Language Logger is a research tool that enables studies on mobile language use in the wild. The LanguageLogger Android app can be installed on study participants' smartphones, where it replaces the smartphone's keyboard. The app logs when the user tyes words of predefined word categories (either just the category name or the raw word), count word frequencies, and log the usage of words that match a regular expression.
With this on-device language abstraction approach, typed language on smartphones can be observed in the wild in a privacy-friendly manner. No raw text data leaves the user's device. Furthermore it is also possible to log touch data (typing speed, touch positions, ...), used messenger apps, and configure custom keyboard layouts for each study condition.
Please checkout the research papers about this tool for more details:
This GitHub project contains the backend of the research tool LanguageLogger. It is necessary to manage the study configuration, and record the logged data.
The repository for the Android App can be found here:
https://github.com/Flo890/languagelogger-app
The server consists a web app based on Play Java 2.5.3 and a MySQL Database
- jdk 8 (jdk 9 is not supported)
-
install MySql Server (we are using v5.7.21 in this guide):
sudo apt-get install mysql-server
-
During the installation proccess you will be asked to define a password for the "root" user. Enter a password and remember it.
-
ensure that
character_set_server=utf8mb4
is set in the MySQL config files (for emojis)
-
Once finished, type
mysql -u root -p
to enter MySQL server. Enter just defined password for root user.
-
Create our Database:
create database languageloggerdb default character set utf8mb4 default collate utf8mb4_general_ci;
-
Create database user and grant access to newly created database:
create user 'languagelogger'@'localhost' identified by 'G8BCjNk';
Note: Do not use the username and password listed here on your system - exchange them with custom ones!
-
grant all on languageloggerdb.* to 'languagelogger'@'localhost';
-
flush privileges;
Open the commandline, and navigate into the project directory if you didn't so far:
cd languagelogger-backend
On Ubuntu we first have to make the activator script runnable...
chmod +x activator
...then you can run the server using
./activator run -Dplay.evolutions.db.default.autoApply=true
On Windows you can usually just run
-
activator run -Dplay.evolutions.db.default.autoApply=true
-
Wait till you see:
[info] p.c.s.NettyServer - Listening for HTTP on /0:0:0:0:0:0:0:0:9000
-
Open
http://localhost:9000/cms/login
in browser. -
You might see a red warning page, telling you that your database layout does not fit. Hit the "Apply this script now" button to initialize the database layout. Attention: This will delete all tables and data in
languageloggerdb
! -
After a short while you should see the login page:
The default user is:
LanguageLogger
The default password is:
$LL773
Usually you will not be able to access a locally setup backend from an Android smartphone. For development purposes, we suggest to use the reverse proxy ngrok:
- Install ngrok on your local system
- on the commandline, run
ngrok http 9000
(Where 9000 is the port on which your local LanguageLogger backend is running) - copy the created ngrok forwarding url, and use it as server url configured in the Android app
To quick-start, import the file demodata/plants-animals-shop-config.sql
into your database:
mysql -u languagelogger -p languageloggerdb < demodata/plants-animals-shop-config.sql
To learn how to configure LanguageLogger for your research study read the Section Research Configuration
below.
By editing the file conf/application.conf
u can modify further settings for example:
- Changing database user and password:
db.default.username = "<your_username>"
db.default.password = "<your_password>"
- Changing Dashboard login:
dashboard.user = "<your_username>"
dashboard.pwd = "<your_password>"
prerequisites: jdk 8 (jdk 9 is not supported)
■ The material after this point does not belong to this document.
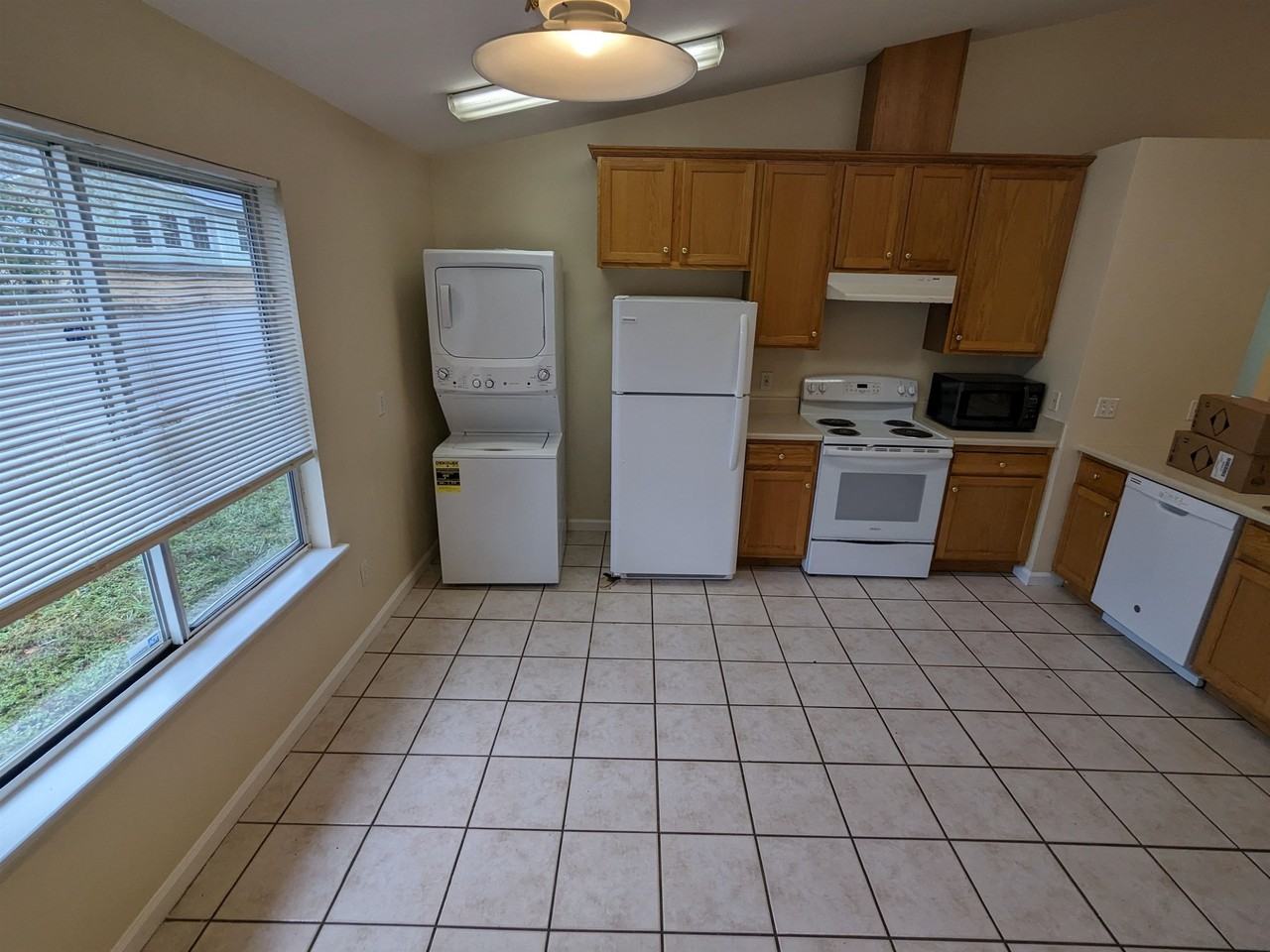 728 W Brevard St - Photo 3 of 16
- Setup a mysql database as described in the local deployment area
- clone project
- cd
languagelogger-backend
chmod +x activator
./activator dist
(this generates a languagelogger-1.0-SNAPSHOT.zip intarget/universal
)unzip target/universal/languagelogger-1.0-SNAPSHOT.zip
chmod +x languagelogger-1.0-SNAPSHOT.zip/bin/languagelogger
languagelogger-1.0-SNAPSHOT/bin/languagelogger -Dplay.crypto.secret="researchime" -Dhttps.keyStore="languagelogger-1.0-SNAPSHOT/conf/keystore.jks" -Dhttps.keyStorePassword="researchime" -Dplay.evolutions.db.default.autoApply=true -Dhttp.port=disabled
http://localhost:9000/cms/study
On this page you have to set the study duration (a default study of 14 days is preconfigured). On the very bottom, you have to choose a keyboard used for this study. Usually you would set it to the same duration as the study.
If you conduct a within-subject study with e.g. two conditions, you could also add one keyboard with e.g. 7 days duration, and a different keyboard with another 7 days.
Setting study name and welcome message is obligatory.
http://localhost:9000/cms/keyboards
On this page you can create and configure keyboards. There are 3 checkboxes at the top:
Ask for hand posture
If checked, an overlay will be prompted when the keyboard opens, where the user has to specify which fingers he is currently using for typing
Tracking
If NOT checked NO data will be logged at allAnonymize Input Events
If checked, touch events will be stored with obscured data. That means, e.g. the code of a key pressed is not stored (words cannot be reconstructed) in a bigram manner. If this is NOT checked raw touch events will be saved, what might violate participant privacy!
The researcher configures a list of words, each mapped to a category. For each typed word, the app checks whether a category is listed for that word. If yes, an event of that category is logged. Otherwise, an event of category unknown
is logged.
For example the words dog
and cat
could both be mapped to the category animal
. If the user types My cat and dog are good friends
a series of categories like unknown
,animal
,unknown
,animal
,unknown
,unknown
,unknown
is logged. Thus the research can study how much one is texting about animals, without knowing the precise content or full sentence.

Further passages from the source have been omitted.